*TASK DIRECTIONS*: Write out the listing below in its entirety, minus the pictures, without changing a word.

§ §

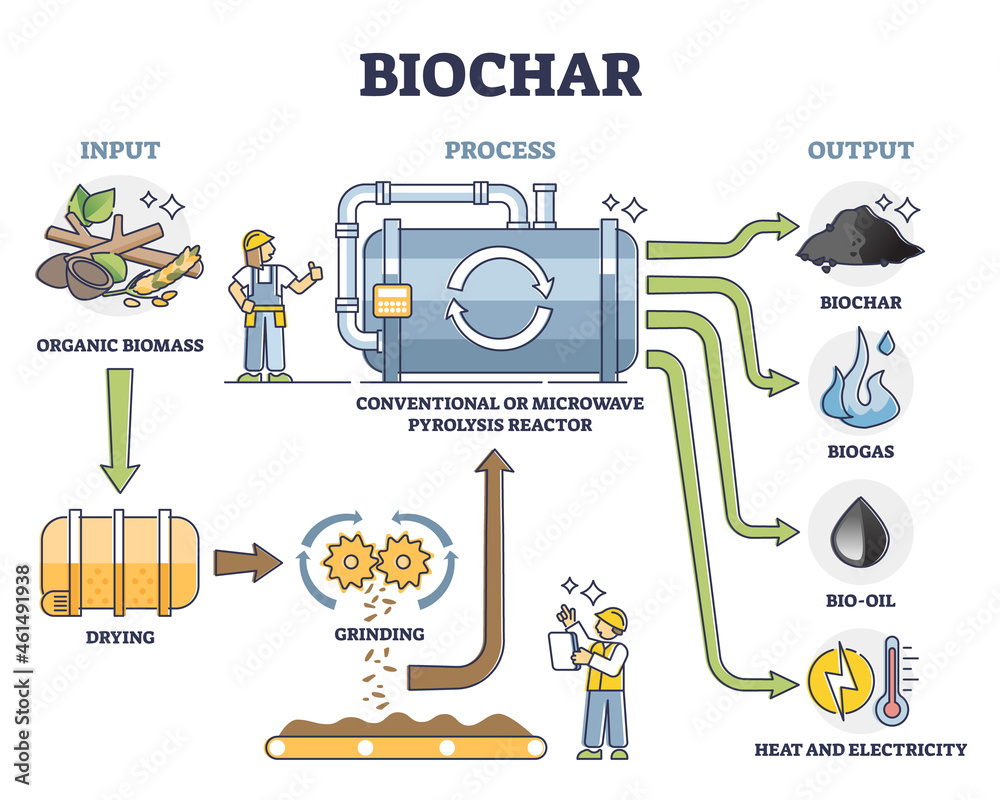 Biochar, biogas, bio oil and energy production by conventional or microwave pyrolysis reactor. Illustrated scheme with the process stages. Means of carbon sequestration and climate change mitigation. - obrazy, fototapety, plakaty 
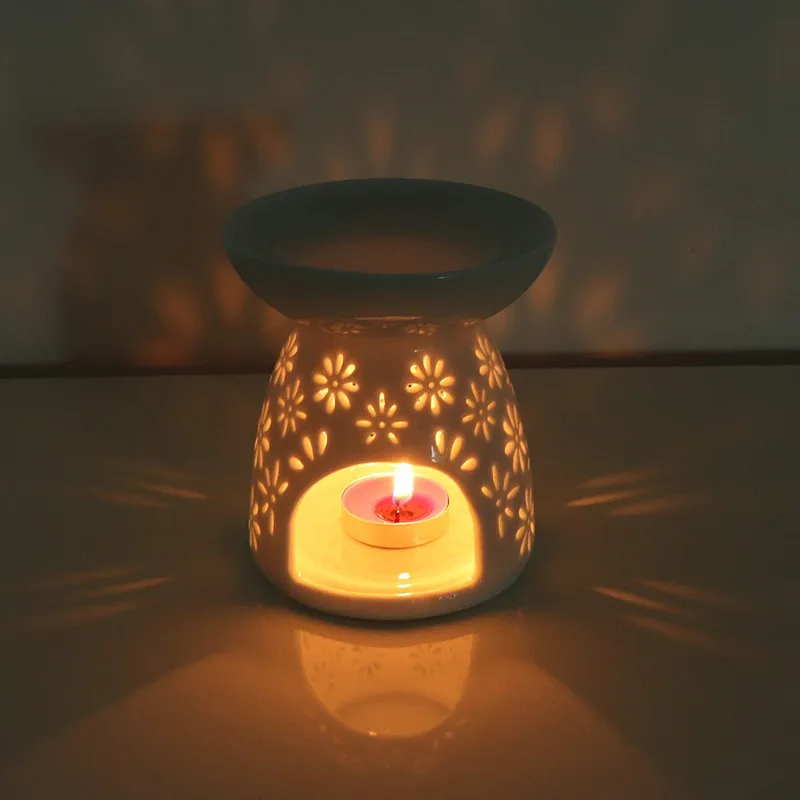 Living Room Tealight Candles Holder for Spa Meditation Yoga Parlor Bedroom Home Decor Ceramic Essential Oil Burner Melt Warmer
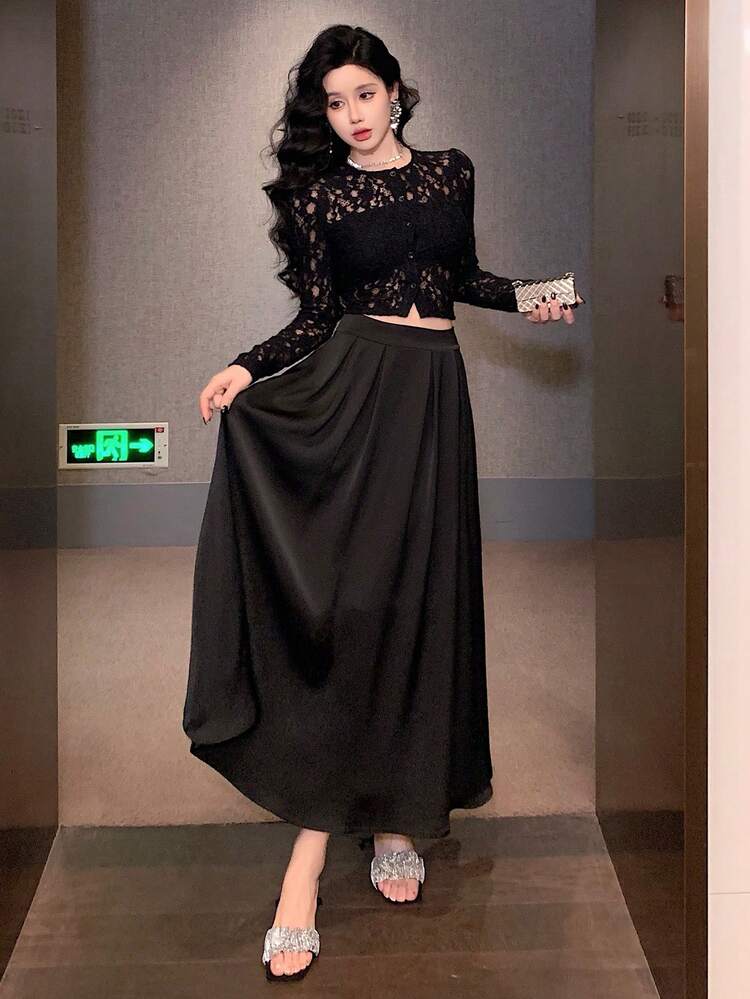 2pcs/Set Women Sheer Lace Top & A-Line Skirt, Sexy Outfit For Night Out,Fall Women Clothes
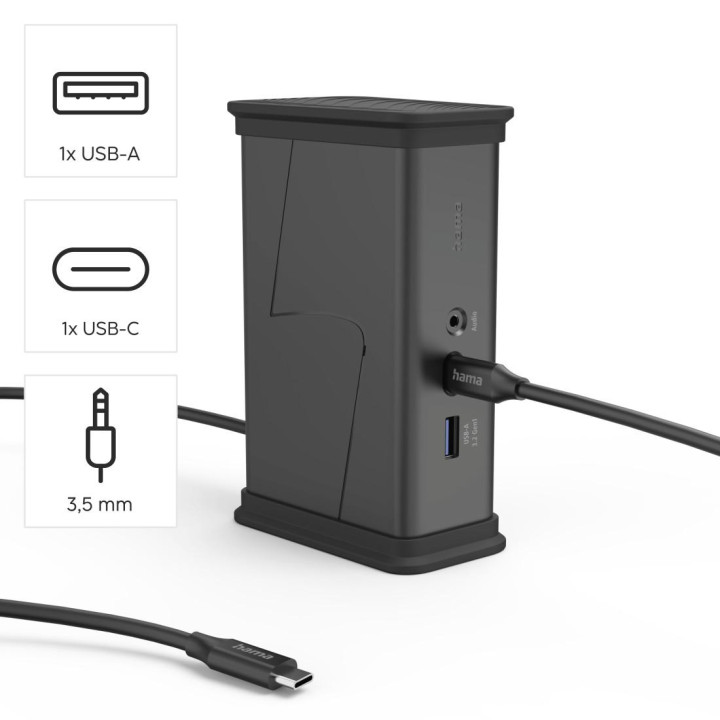 Докинг станция HAMA Connect2Office Black, 9 порта, 2x HDMI, USB-A, USB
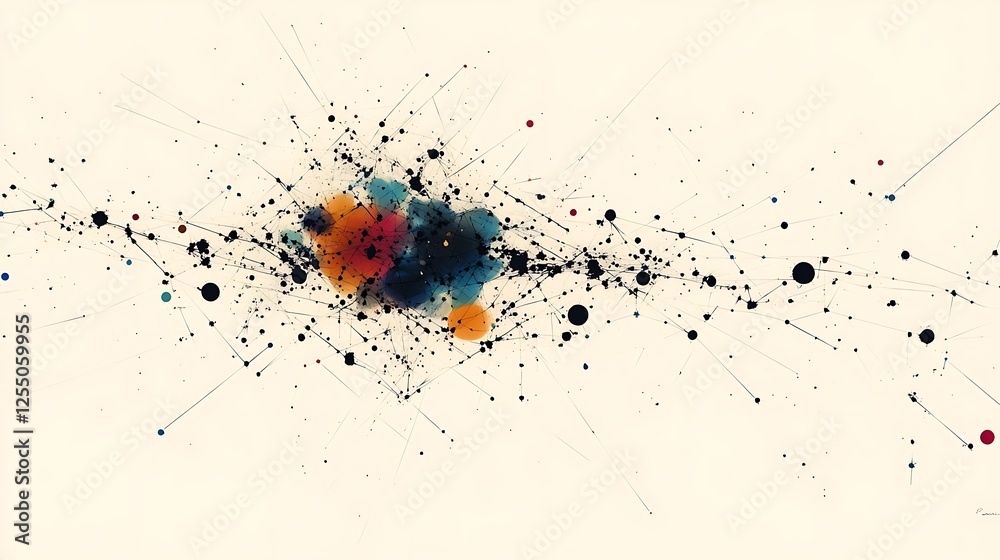 Aufkleber Abstract network of colorful dots and lines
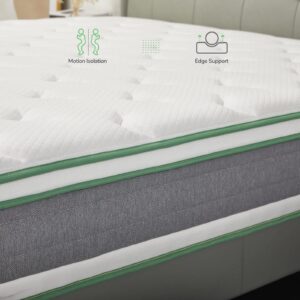 Novilla Twin XL Mattress 12 Inch Hybrid Mattress in a Box, Innerspring Mattress with Gel Memory Foam for a Cool Sleep, Pressure Relief, Medium Firm Mattress with Pillow Top, Groove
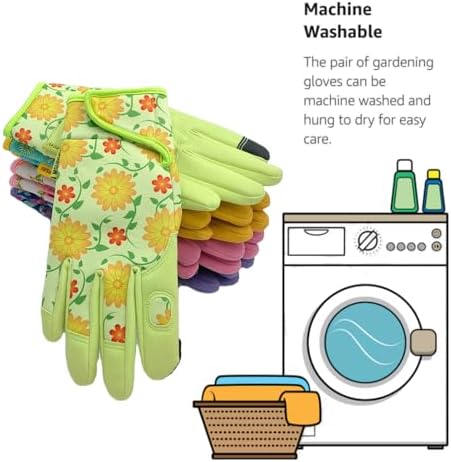 Gardening Gloves,Women Yard Work Garden Glove,Gifts | Thorn Proof,Puncture Resistant,Touchscreen,Gift,Leather,Spandex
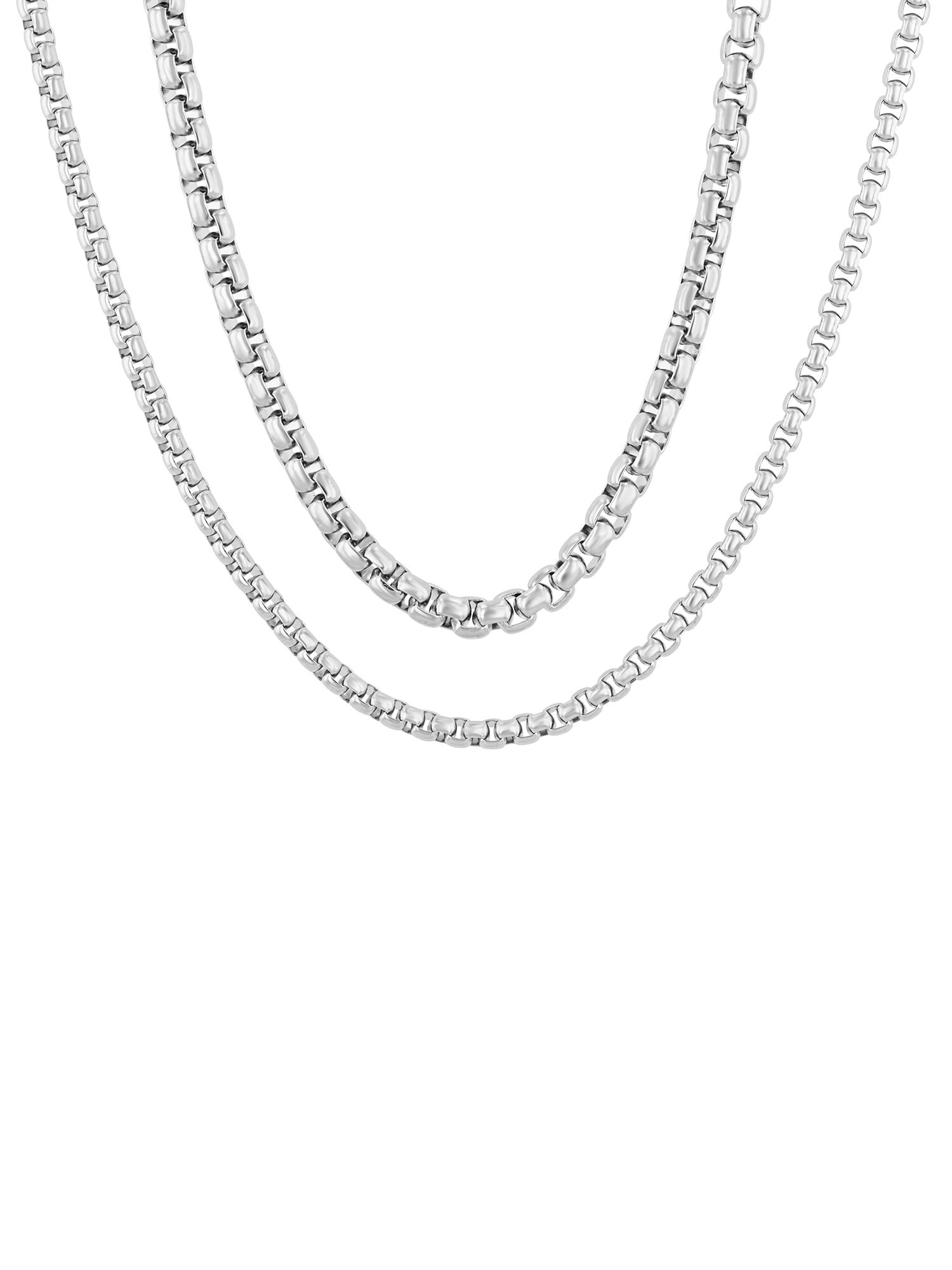 Men's Stainless Steel Set of 2 Rounded Box Chains - Believe by Brilliance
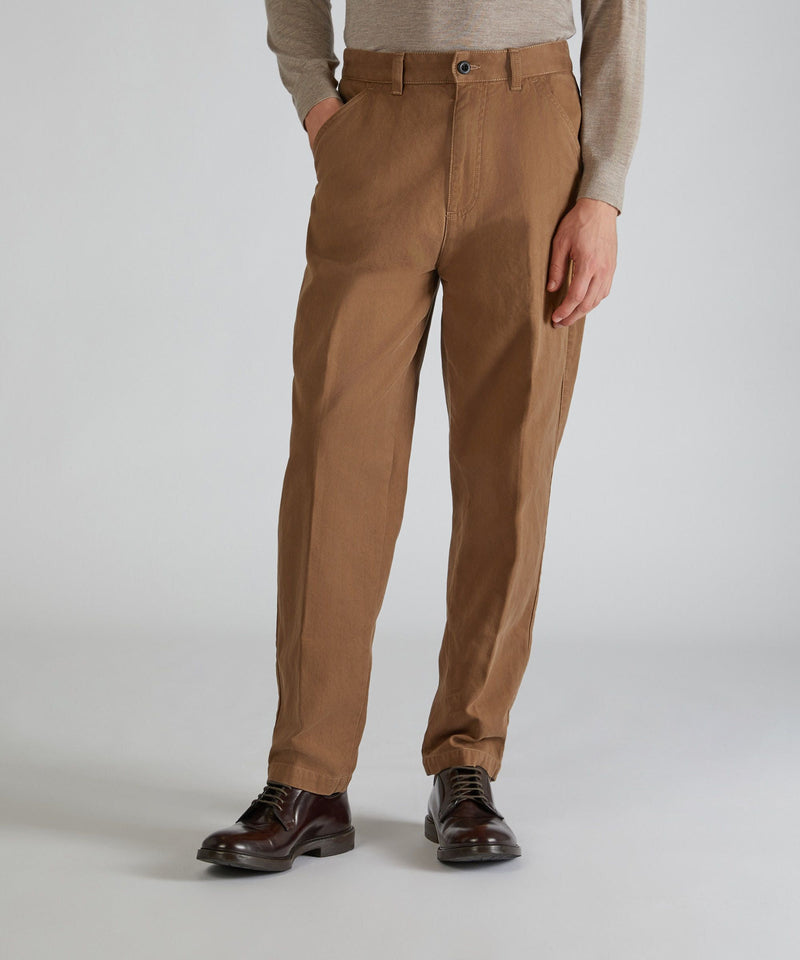 Slowear Pantalone carrot fit in chevron di cotone Shopping Online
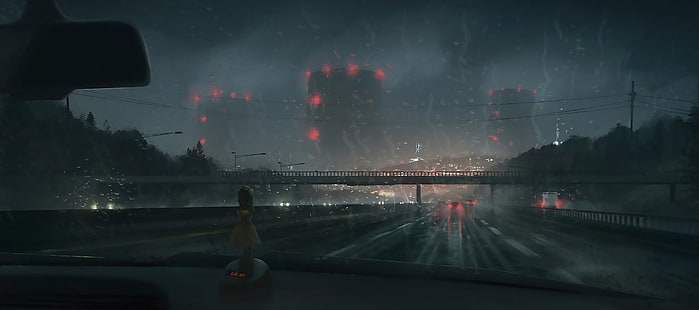 Anime, oryginał, noc, deszcz, Tapety HD HD wallpaper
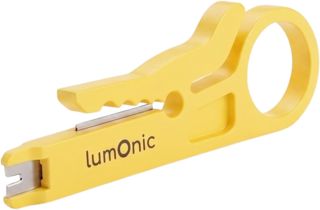 Lumonic Abisolierwerkzeug für UTP/FTP-Netzwerkkabel & LSA-Auflegewerkzeug - Kabel-Abisolierer, Netzwerkwerkzeug, auch als LSA-Auflegewerkzeug, CAT5e/CAT6, Mini, gelb, Patchpanel, RJ45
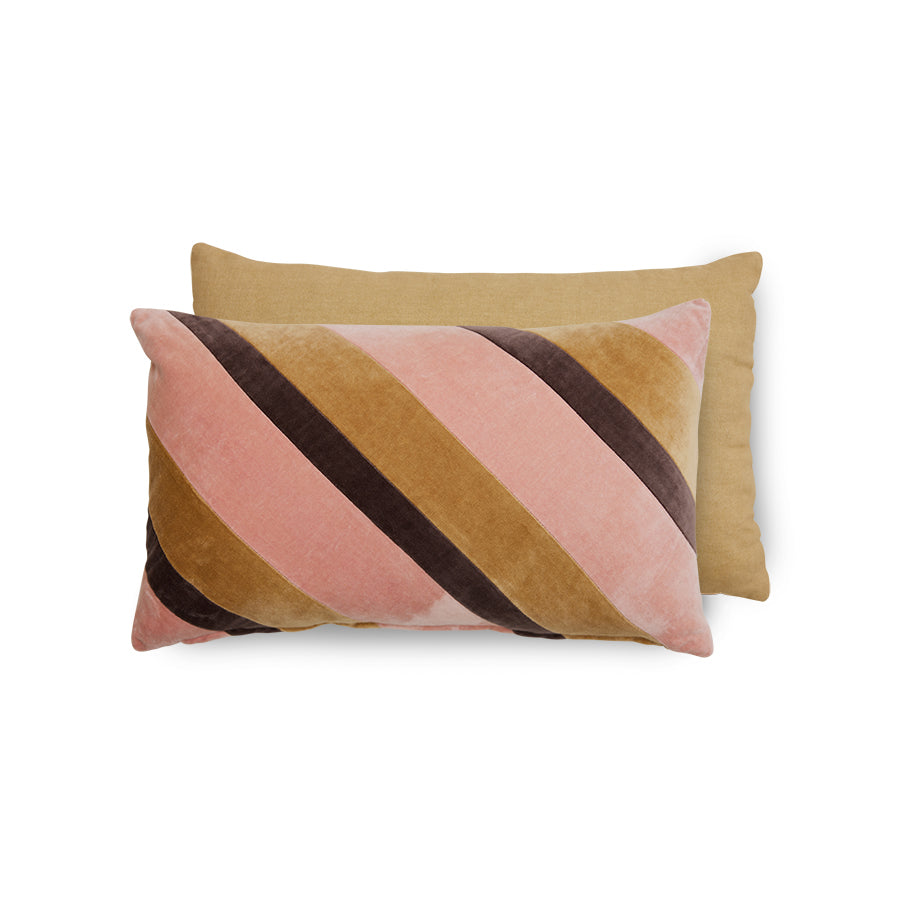 striped velvet lumbar pillow in caramel and pink tones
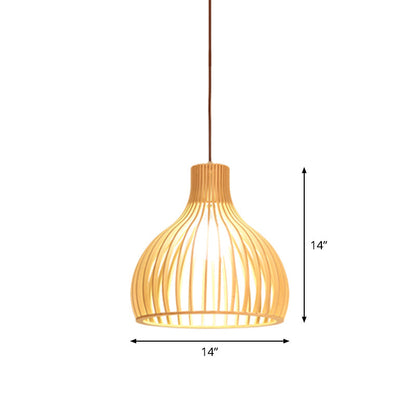 Aziatische Bamboe Hanglamp Beige Klein/Groot Hangend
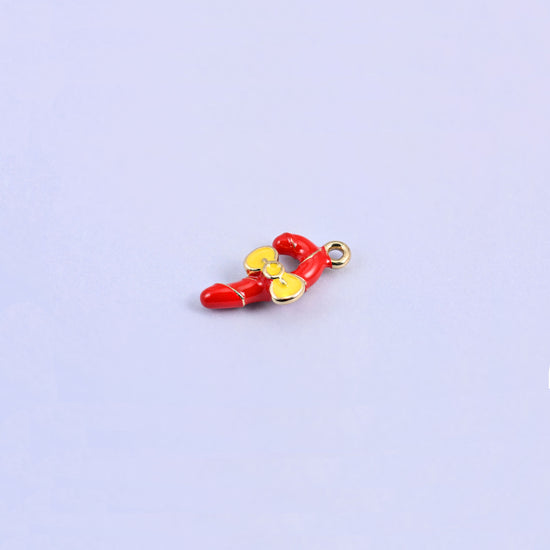 Red candy cane charm lying at an angle, showing the 4.12mm thick three dimensional hook.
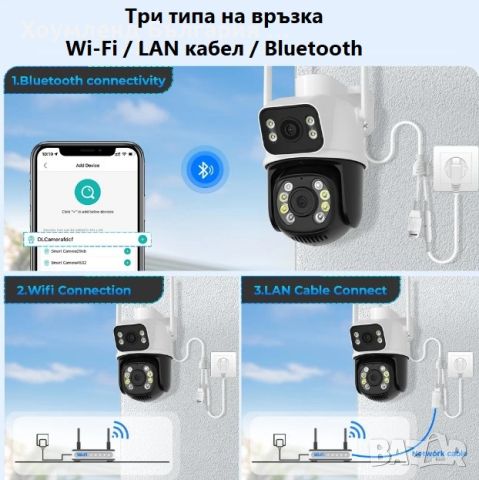 Двойна WiFi PTZ камера за външно наблюдение през телефон, снимка 4 - IP камери - 46363875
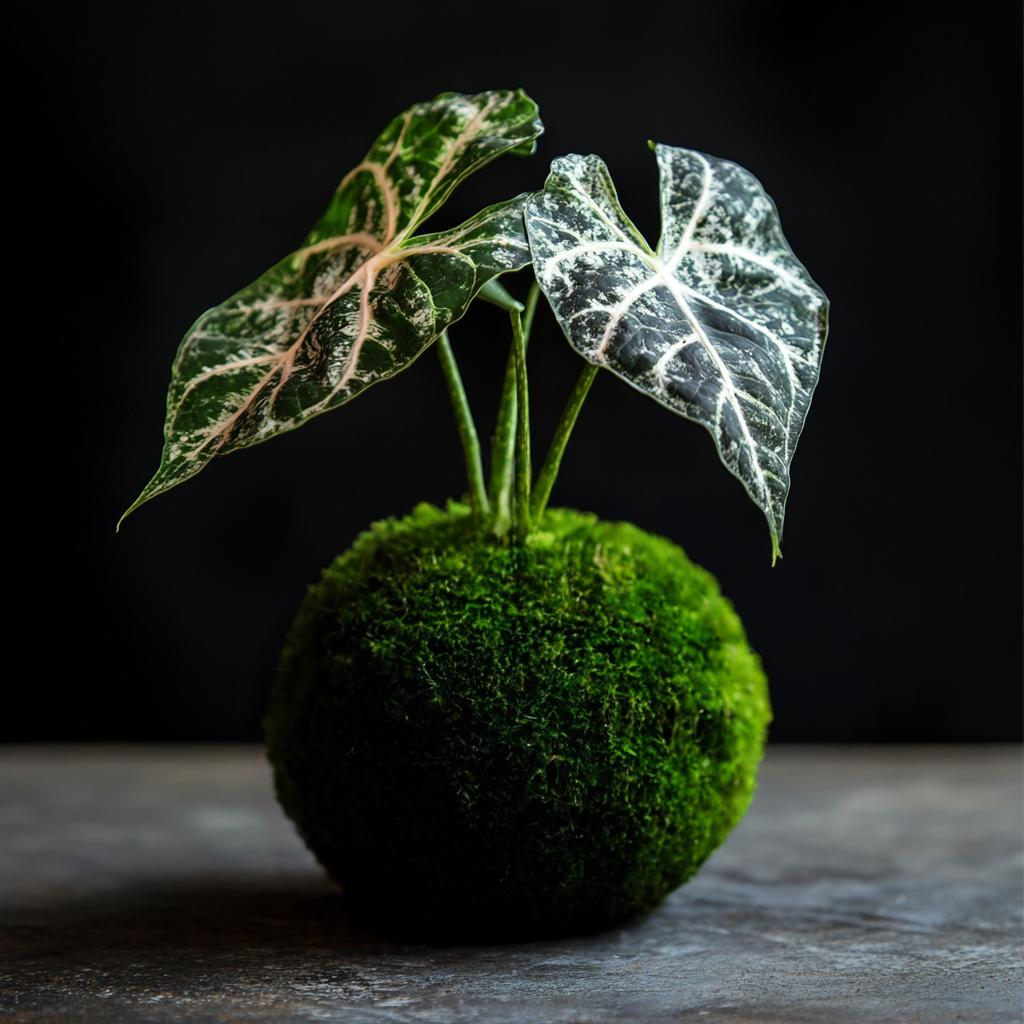 Alocasia 'Silver Dragon' Kokedama (Grown Bonsai)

§ §

*RESULT OF THIS EXERCISE*:
 Biochar, biogas, bio oil and energy production by conventional or microwave pyrolysis reactor. Illustrated scheme with the process stages. Means of carbon sequestration and climate change mitigation. - obrazy, fototapety, plakaty 
 Living Room Tealight Candles Holder for Spa Meditation Yoga Parlor Bedroom Home Decor Ceramic Essential Oil Burner Melt Warmer
 2pcs/Set Women Sheer Lace Top & A-Line Skirt, Sexy Outfit For Night Out,Fall Women Clothes
 Докинг станция HAMA Connect2Office Black, 9 порта, 2x HDMI, USB-A, USB
 Aufkleber Abstract network of colorful dots and lines
 Novilla Twin XL Mattress 12 Inch Hybrid Mattress in a Box, Innerspring Mattress with Gel Memory Foam for a Cool Sleep, Pressure Relief, Medium Firm Mattress with Pillow Top, Groove
 Gardening Gloves,Women Yard Work Garden Glove,Gifts | Thorn Proof,Puncture Resistant,Touchscreen,Gift,Leather,Spandex
 Men's Stainless Steel Set of 2 Rounded Box Chains - Believe by Brilliance
 Slowear Pantalone carrot fit in chevron di cotone Shopping Online
 Anime, oryginał, noc, deszcz, Tapety HD HD wallpaper
 Lumonic Abisolierwerkzeug für UTP/FTP-Netzwerkkabel & LSA-Auflegewerkzeug - Kabel-Abisolierer, Netzwerkwerkzeug, auch als LSA-Auflegewerkzeug, CAT5e/CAT6, Mini, gelb, Patchpanel, RJ45
 striped velvet lumbar pillow in caramel and pink tones
 Aziatische Bamboe Hanglamp Beige Klein/Groot Hangend
 Red candy cane charm lying at an angle, showing the 4.12mm thick three dimensional hook.
 Двойна WiFi PTZ камера за външно наблюдение през телефон, снимка 4 - IP камери - 46363875
 Alocasia 'Silver Dragon' Kokedama (Grown Bonsai)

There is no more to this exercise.